Here are the most relevant related issues and discussions for issue #120179, "SocketsHttpHandler HTTP/2 pings are broken in multiple scenarios":


1. Issue #31198 (October 2019) - "configurable HTTP/2 PING timeouts in HttpClient"

  • Summary: This issue tracks the original design and implementation of HTTP/2 ping keep-alive support in SocketsHttpHandler. It discusses the need for pings to detect dead connections, especially for long-lived gRPC streams, and the design of APIs like KeepAlivePingDelay, KeepAlivePingTimeout, and KeepAlivePingPolicy. There is extensive discussion about when pings should be sent (with or without active requests), and the importance of aligning with gRPC server/client expectations.
  • Key Points:
    • The API was designed to allow pings only with active requests by default, but also to allow "Always" mode for scenarios where connections must be kept alive even when idle.
    • There was significant discussion about server-side enforcement (e.g., Google and gRPC servers closing connections if pings are sent without active streams).
    • The implementation was merged in PR #40257 (August 2020).
    • The heartbeat logic is tied to the connection pool's available connections, which is the root of the problem described in #120179.
  • Relevance: This issue and its resolution are the foundation for the current ping logic, including the limitation that pings only run on connections in the _availableHttp2Connections list.
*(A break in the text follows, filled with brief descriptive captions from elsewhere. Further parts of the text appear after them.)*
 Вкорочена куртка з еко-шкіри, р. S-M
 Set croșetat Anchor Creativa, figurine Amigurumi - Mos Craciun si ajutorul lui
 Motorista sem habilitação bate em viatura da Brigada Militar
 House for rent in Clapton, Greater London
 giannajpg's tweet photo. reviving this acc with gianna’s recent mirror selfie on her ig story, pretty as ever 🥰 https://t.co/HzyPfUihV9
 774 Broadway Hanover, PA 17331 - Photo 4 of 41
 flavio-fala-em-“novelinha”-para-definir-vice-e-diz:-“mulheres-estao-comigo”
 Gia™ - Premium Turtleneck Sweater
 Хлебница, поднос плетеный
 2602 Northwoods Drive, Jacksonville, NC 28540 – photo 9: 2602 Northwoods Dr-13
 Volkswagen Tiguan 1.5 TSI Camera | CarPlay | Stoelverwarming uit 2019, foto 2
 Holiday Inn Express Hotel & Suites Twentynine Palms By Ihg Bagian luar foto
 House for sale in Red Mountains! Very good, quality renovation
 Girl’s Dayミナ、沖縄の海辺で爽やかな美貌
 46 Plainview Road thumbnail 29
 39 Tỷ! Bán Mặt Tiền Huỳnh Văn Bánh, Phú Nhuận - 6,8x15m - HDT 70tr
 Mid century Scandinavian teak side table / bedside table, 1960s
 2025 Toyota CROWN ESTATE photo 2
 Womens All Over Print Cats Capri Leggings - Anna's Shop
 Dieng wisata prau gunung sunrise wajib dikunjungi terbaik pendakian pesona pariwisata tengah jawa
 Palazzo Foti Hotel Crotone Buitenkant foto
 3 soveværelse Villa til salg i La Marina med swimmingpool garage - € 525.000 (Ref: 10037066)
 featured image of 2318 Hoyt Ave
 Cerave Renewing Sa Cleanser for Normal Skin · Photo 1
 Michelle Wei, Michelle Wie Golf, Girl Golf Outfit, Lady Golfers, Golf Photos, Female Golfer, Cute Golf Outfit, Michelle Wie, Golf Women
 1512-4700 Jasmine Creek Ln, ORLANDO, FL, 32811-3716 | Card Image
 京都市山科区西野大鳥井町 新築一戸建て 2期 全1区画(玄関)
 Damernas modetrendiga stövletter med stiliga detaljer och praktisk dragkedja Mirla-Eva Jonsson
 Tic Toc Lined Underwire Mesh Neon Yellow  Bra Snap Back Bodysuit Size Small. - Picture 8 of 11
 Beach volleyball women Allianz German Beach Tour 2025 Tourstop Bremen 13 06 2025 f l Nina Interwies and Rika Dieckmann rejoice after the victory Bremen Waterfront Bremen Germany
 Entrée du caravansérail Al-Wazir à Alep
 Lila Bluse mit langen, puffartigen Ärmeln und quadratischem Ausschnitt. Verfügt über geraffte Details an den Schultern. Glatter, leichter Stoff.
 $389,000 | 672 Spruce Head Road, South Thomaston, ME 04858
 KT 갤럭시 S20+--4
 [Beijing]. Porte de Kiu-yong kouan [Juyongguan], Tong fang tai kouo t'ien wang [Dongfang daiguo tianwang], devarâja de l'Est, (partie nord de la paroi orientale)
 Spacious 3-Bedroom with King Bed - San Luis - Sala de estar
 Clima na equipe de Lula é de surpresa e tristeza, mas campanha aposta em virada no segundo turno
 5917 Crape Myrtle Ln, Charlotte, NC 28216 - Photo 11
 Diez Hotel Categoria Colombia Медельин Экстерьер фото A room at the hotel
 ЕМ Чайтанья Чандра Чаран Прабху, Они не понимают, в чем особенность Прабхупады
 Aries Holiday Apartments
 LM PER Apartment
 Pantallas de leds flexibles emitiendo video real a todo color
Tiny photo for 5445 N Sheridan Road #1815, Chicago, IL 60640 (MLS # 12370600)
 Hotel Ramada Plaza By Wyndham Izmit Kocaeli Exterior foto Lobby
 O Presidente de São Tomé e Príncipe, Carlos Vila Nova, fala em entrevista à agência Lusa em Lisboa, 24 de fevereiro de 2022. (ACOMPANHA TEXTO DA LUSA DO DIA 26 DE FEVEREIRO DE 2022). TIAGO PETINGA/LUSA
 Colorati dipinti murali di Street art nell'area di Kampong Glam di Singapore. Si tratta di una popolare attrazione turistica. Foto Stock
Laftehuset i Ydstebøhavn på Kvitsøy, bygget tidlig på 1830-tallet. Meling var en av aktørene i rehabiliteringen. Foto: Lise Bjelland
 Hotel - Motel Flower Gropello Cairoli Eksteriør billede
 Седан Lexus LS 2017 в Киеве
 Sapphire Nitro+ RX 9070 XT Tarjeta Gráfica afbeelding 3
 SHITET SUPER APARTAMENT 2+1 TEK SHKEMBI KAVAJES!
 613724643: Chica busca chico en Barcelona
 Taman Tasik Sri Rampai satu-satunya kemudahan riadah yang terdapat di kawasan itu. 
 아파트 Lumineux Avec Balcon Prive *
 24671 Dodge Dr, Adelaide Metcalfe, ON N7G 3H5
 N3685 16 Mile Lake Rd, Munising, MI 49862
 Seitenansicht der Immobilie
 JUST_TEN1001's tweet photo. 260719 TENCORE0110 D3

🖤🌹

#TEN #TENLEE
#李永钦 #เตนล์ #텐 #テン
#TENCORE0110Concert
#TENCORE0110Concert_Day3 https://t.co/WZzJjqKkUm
2. PR #40257 (August 2020) - "Configure ping in HTTP2"

  • Summary: This PR implements the HTTP/2 ping keep-alive feature in SocketsHttpHandler, adding the relevant properties and logic.
  • Key Points:
    • The heartbeat timer is only started for connections in the available pool.
    • The PR and its review discuss the design trade-offs and the need for the timer to be active only when pings are enabled.
    • There is mention of the timer being stopped when the handler is disposed, which is one of the scenarios called out in #120179.
  • Relevance: The implementation details here directly lead to the scenarios where pings are not sent for connections that are not in the available pool (e.g., after GOAWAY or when the stream limit is reached).

3. Issue #29889 (June 2019) - "HTTP2: HttpClient does not respond to pings after GOAWAY when some streams are still active"

  • Summary: This issue discusses the behavior after a GOAWAY frame is received. The client should continue to respond to PING frames as long as there are active streams, but there was confusion and some disagreement about the correct behavior per the HTTP/2 spec.
  • Key Points:
    • The code at the time would stop responding to PINGs after GOAWAY, even if streams were still active.
    • There was discussion about distinguishing between user-initiated Dispose and GOAWAY from the server.
    • The issue was fixed as part of a broader cleanup, but the logic for "available" connections remained.
  • Relevance: This is a precursor to the scenario described in #120179, where a connection removed from the available pool due to GOAWAY no longer participates in heartbeat/ping logic.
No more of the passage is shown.